In this webinar, Ana García Sifre, Embryologist at IVF-Spain, Alicante, has talked about selecting and transferring the best embryos to achieve the highest chances of success. Ana started with explaining embryo selection, where three main markers are used:

• embryo morphology
• embryo kinetics
• embryo genetics

  The morphological criteria are the most commonly used, and it is essential to evaluate the embryo quality. The kinetic criteria talk about the timing, the divisions are taking place at embryo’s development and mixing these. We obtain the morphokinetic criteria, in which we take into consideration the time for the divisions to take place and the quality of the embryos have at the specific point of their development.
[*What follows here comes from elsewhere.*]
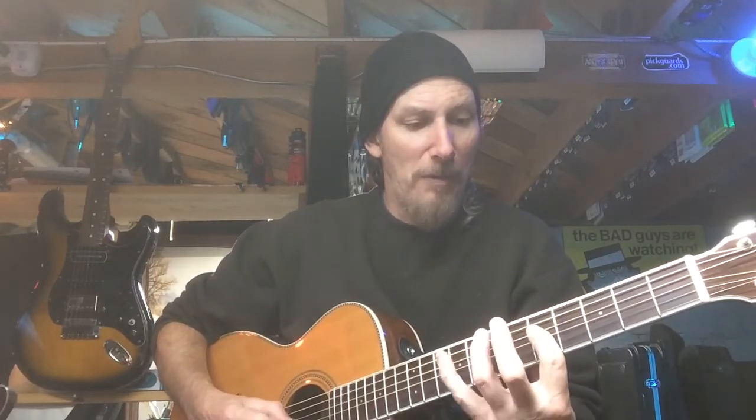Now the last thing we could talk about is playing the true Dorian mode over each one of the chords. That means for the A minor chord, we play the G major scale, because A is the two of G. Then when we go to the D minor chord, we play the C major scale, because D is the two in the key of C — which would be position six of the major scale at fret five. Sixth position at fret five: C major scale.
We also have embryo genetics, which in the latest years has become quite important. By analysing embryo genetics, we can know if the chromosomally normal embryos will increase the chances of achieving positive pregnancy in a short period.

Time-lapse

To assess the embryo kinetics, we need the help of time-lapse incubators. These kinds of incubators provide a stable environment for cultural conditions. They have individual chambers for each patient, and pictures of the embryos are taken every 5 minutes. With this information, we can analyse the morphokinetics of the embryo and consider the synchrony of cell division, the cell cycle duration and direct cleavages. These markers help us to predict the implantation potential and make a better embryo selection.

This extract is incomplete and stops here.